Q - That's what surprised me! Simon & Schuster, Random House and Harper and Collins all turn down this book of yours?

A - Yeah.

Q - And you have Ken Sharp with his new Kiss book making the New York Times bestsellers list!

A - I know. My book would have also. Ken Sharp is a friend of mine. I actually saw him about a month ago at a Kiss convention selling his book. We didn't get time to talk because we were both so busy, but he is one of them that talked me into doing my book. I said to him afterwards, "I'm sorry I self published it", because what happens with self-publishing is it's very hard to get a distribution deal. Nobody wants to distribute your book. If they do, they want astronomical prices and it's just ridiculous. I was talking to him and I said that and he said, "You did the best thing because this way you get all the money." He was sorry about one of his books. Right after it's out for a little bit, it's on the discount shelf. And he said it breaks your heart to see it being sold for $10. So, I keep that in the back of my mind and it keeps me going. I really would have preferred being in Barnes & Noble. I did approach them and they did say they would buy some of the books, but they wanted me to lower my price and they wanted me to lower it not just for them, but for everybody! So, it's a tangled little web that they weave. I'm not that savvy to untangle it, so I just went my own way. It's not cheap to publish a book. A lot of my friends go "At least you made your money back." I said, "Well, that's not the idea. You don't work for three years just to break even," It's all my memories, all the stuff that I've saved for years, my hoarding. Actually I'm not a hoarder. I'm a pack rat. (Laughs)
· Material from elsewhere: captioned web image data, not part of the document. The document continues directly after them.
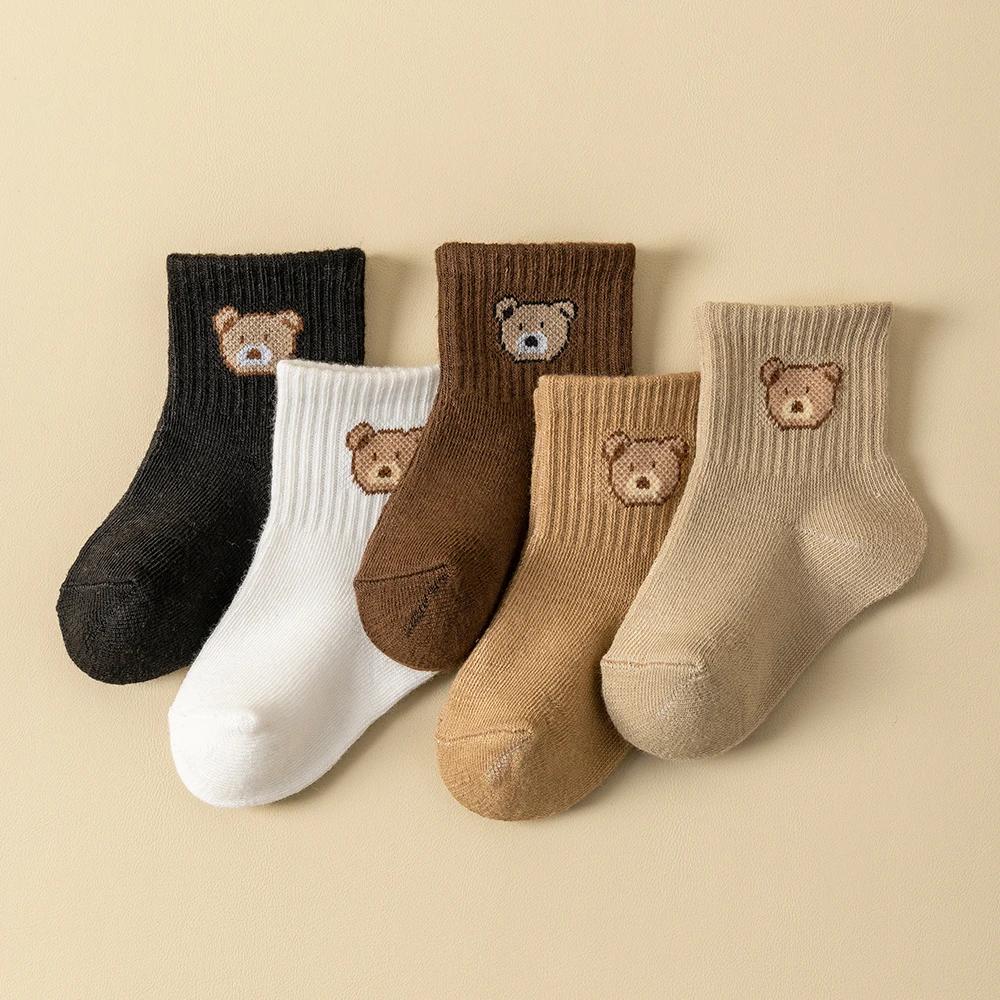 5 paires de chaussettes pour bébé, douces, confortables, respirantes, toutes saisons, motif d'ours d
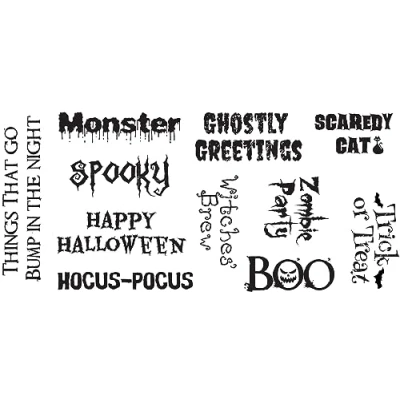 Image of Designer Boutique Creative Expressions Photopolymer Stamp Set Ghostly Greetings, 4 x 8 in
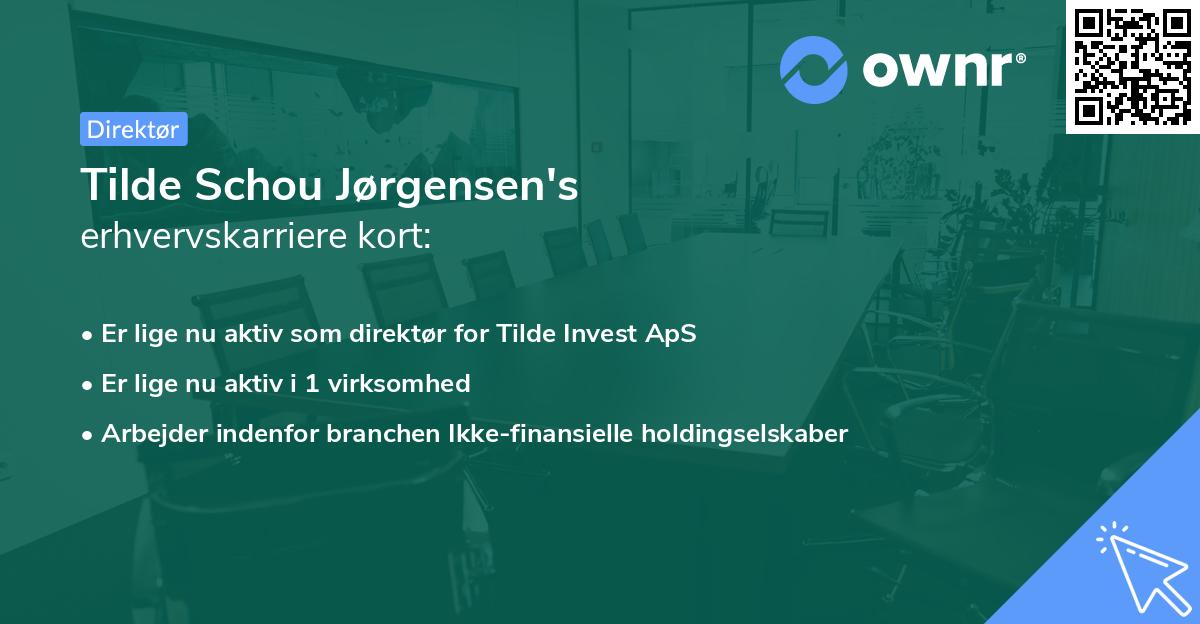 Tilde Schou Jørgensen's erhvervskarriere kort
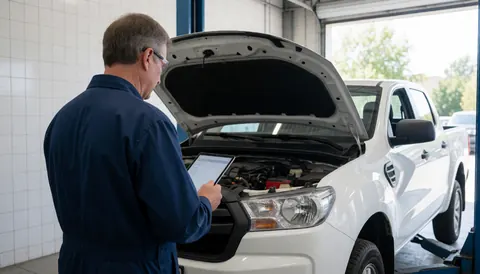 Mécanicien en uniforme examine le moteur d'une camionnette blanche à l'aide d'une tablette dans un atelier aux murs carrelés.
Q - No, you're an archivist.

A - I love an archivist. That's right. Basically, I'm very similar to Bill Wyman. Bill Wyman kept everything of The Stones and I did the same thing. That's whose book I actually pattern my book after. I like his format. I actually even went to his printer. It was in Italy. I didn't want my book falling apart like Kisstory did. I put my books in a warehouse and they were shipped from the warehouse. He said "Italy has the best paper in the world and you made a good move." I reprinted my book in 2012 and I went back to the same printers. They did a good job. Everybody seems to like my book.

Q - Everybody except Peter. Didn't I read somewhere that he was unhappy with you for publishing this book?

A - No. I don't know if he was unhappy. He never told me that. I haven't seen him in 15 years and that was the first thing I asked him, "Did you see my book?" He said, "Yeah." But he never mentioned anything about it. I did hear certain remarks that he made. But of course he's not going to be happy with it because sometimes the truth hurts. So what can I say? I didn't do anything to be malicious. I just wanted to tell it the way it was.

Q - I don't see why there would be any objections to your book. Have you read Peter's autobiography?

A - Yes, I have. There's a few things I'm upset about. I don't like being called a thief. He said I stole his stuff. That was my stuff. What is he talking about? Not only that, he said in his book, he also said I stole his photos, that's how I was able to do a book. Meanwhile, they're my photos. Not only that, in his book, he said he gave me everything because he felt bad for me. Don't do me any favors if you're going to give me everything and then call me a thief.

Q - I tried to interview Peter about the book, but I was told he was unavailable.

A - Yeah, well, I did hear him say he was retiring. So, I don't know what he's retiring from because he really hasn't done anything in many years.

Q - He wrote in his book, "I told Lydia I wasn't going to get a 9-to-5 job and because I had no money I wasn't going to pay for anything, even the wedding. I was going to single-mindedly pursue my musical career until I made it big. So if we were going to wed, she'd have to work a 9-to-5 job. Lydia had no problem with that. She believed in me and was prepared to be a good wife." I would think if a guy said to a girl, we can get married but I'm not going to work, the girl would say, "I'm out of here!" You saw something in Peter, didn't you?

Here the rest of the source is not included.